Het lijkt op dit moment alsof er gehoopt wordt dat de rechtspraak voor ons zal uitmaken wat wij moeten vinden van 'minder, minder, minder', en hiermee de spanningen die met deze woorden gepaard gaan zal doen opklaren. Veel mensen – ik denk iedereen die niet op Wilders stemt en misschien een deel daarvan ook – weten zeker dat deze woorden gewoon niet OK zijn. Tegelijk hebben wij de gevolgen van het negeren en afkappen van vergelijkbare sentimenten gezien in de VS en Engeland. Misschien willen wij allemaal vooral dat een onafhankelijk en alwetend orgaan, wiens taak het is om de waarh­eid te vinden en uit te spreken, ons in het gelijk zal stellen. Wij verwachten dat de rechtspraak een moreel kompas is, en dat het ons tegelijk persoonlijk vertegenwoordigt. Deze taak, die de rechtspraak wordt opgelegd, vergt bovenmenselijke krachten.

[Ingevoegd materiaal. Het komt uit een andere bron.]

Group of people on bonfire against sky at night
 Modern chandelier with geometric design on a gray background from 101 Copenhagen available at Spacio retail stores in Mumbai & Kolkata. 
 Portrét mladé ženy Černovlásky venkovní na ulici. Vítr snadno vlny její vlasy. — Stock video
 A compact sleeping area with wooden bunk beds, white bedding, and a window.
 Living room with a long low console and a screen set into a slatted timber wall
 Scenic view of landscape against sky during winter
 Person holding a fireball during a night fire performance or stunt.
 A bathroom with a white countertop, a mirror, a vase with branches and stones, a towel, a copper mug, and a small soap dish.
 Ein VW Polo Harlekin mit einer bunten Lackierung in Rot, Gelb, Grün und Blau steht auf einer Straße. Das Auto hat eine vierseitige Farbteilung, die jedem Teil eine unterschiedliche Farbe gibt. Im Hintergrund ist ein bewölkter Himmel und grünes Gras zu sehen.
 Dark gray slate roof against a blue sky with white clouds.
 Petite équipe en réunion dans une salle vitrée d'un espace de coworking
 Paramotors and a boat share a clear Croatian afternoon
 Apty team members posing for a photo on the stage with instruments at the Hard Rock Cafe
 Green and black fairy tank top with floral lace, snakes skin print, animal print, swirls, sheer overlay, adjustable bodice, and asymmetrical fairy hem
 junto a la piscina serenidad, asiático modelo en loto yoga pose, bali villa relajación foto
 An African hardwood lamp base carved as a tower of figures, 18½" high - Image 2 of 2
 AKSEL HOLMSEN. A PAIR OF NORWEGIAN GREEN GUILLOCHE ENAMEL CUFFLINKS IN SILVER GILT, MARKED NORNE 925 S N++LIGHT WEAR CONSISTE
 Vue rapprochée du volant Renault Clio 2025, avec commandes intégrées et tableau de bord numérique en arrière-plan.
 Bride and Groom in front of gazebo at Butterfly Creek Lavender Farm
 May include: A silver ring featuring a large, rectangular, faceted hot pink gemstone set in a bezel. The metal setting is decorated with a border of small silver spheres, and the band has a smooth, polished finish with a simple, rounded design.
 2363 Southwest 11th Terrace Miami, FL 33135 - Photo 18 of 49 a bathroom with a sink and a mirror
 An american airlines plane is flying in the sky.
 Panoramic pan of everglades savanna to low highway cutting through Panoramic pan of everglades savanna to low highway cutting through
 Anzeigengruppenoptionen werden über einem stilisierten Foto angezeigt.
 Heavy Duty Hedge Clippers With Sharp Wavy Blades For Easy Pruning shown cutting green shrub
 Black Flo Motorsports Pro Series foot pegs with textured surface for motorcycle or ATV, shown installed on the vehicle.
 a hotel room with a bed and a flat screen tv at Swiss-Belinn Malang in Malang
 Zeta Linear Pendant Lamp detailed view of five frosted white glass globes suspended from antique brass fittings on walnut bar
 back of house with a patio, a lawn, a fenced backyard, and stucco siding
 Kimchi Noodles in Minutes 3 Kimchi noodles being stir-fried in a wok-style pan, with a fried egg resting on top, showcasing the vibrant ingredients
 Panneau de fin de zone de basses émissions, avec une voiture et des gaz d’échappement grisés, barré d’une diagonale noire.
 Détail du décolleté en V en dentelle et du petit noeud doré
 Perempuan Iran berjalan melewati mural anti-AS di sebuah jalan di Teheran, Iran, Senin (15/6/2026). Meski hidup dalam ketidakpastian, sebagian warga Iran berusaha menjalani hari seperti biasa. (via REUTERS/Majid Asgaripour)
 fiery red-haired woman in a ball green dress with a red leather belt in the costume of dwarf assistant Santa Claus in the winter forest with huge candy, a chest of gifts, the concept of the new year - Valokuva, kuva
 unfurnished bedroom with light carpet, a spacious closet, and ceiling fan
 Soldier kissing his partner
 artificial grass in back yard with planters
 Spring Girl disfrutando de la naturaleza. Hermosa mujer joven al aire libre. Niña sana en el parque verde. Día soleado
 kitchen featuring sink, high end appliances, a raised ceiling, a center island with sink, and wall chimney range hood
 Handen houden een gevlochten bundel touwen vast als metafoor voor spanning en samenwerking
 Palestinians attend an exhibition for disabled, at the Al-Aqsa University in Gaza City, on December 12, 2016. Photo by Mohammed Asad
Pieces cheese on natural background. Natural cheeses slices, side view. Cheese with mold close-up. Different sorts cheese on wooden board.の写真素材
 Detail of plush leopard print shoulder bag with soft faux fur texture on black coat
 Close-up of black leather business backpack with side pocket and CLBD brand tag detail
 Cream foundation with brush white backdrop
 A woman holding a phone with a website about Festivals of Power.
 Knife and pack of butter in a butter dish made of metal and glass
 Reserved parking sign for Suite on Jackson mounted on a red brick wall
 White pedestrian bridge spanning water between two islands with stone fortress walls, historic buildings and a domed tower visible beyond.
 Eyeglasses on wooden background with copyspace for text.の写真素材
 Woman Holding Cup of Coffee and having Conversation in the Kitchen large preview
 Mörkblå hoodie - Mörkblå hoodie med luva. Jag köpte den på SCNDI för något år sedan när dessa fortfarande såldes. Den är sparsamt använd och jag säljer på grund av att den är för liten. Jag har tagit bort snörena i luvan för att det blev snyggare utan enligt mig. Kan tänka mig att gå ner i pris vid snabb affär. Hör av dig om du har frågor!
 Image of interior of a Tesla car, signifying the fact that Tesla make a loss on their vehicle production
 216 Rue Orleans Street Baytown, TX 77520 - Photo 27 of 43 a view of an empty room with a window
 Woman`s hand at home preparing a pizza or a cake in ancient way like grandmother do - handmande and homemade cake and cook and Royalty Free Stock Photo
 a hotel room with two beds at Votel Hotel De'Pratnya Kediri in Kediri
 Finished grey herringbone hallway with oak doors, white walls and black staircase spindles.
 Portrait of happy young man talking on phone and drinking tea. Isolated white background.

Toch denk ik niet dat er meer uitleg nodig is over hoe onze fundamentele rechten zich tot elkaar verhouden. Ongeacht politieke voorkeur zullen wij het lef moeten vinden om naar onszelf te kijken en te staan voor onze eigen overtuigingen. Om in de wirwar van meningen, tweets en soundbites een eigen standpunt in te nemen. Want het oordeel van de rechtbank gaat alleen over de vraag of de juridische lat voor 'aanzetten tot haat' gehaald is en dat is al ingewikkeld genoeg. Wij zullen uiteindelijk ook het lef moeten vinden om hoopvol te zijn. Met of zonder aanmoediging van de rechtspraak - dat zijn tenslotte ook maar mensen.